[Start of section]

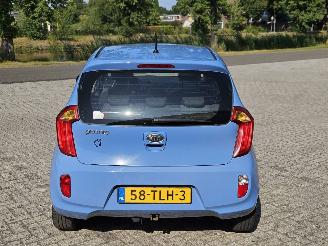 Kia Picanto 1.0 12V Hatchback  Benzine 998cc 51kW (69pk) FWD picture 9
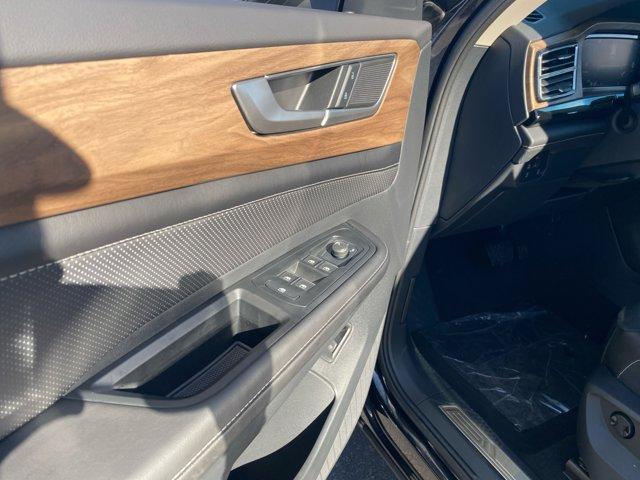 new 2025 Volkswagen Atlas car, priced at $41,434
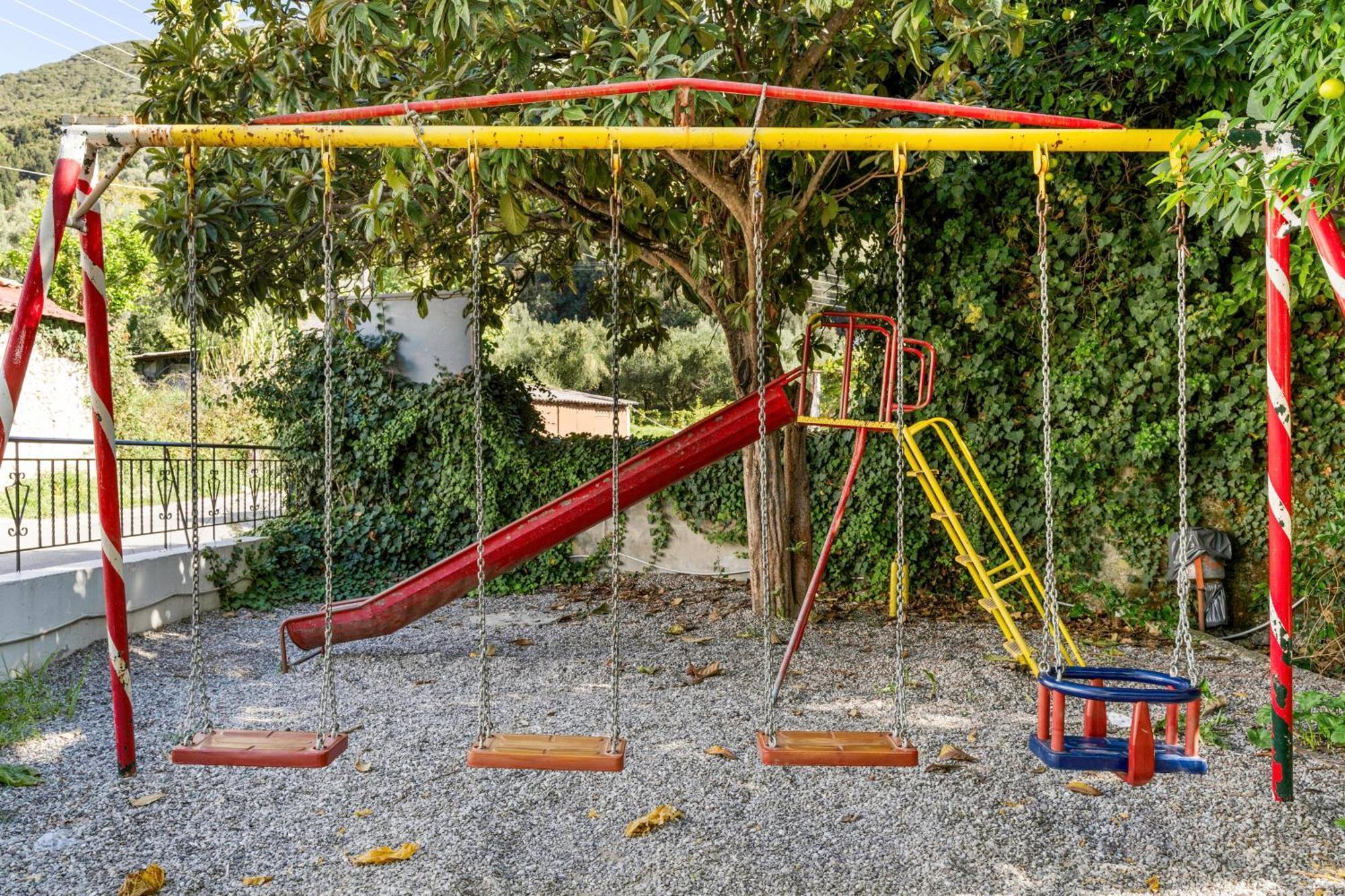 Verani Parking Balcony Playground Holiday home *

[End of section]

### What the task requires
Return the listing above verbatim and exclude every picture.

### Exercise output
 Kia Picanto 1.0 12V Hatchback  Benzine 998cc 51kW (69pk) FWD picture 9
 new 2025 Volkswagen Atlas car, priced at $41,434
 Verani Parking Balcony Playground Holiday home *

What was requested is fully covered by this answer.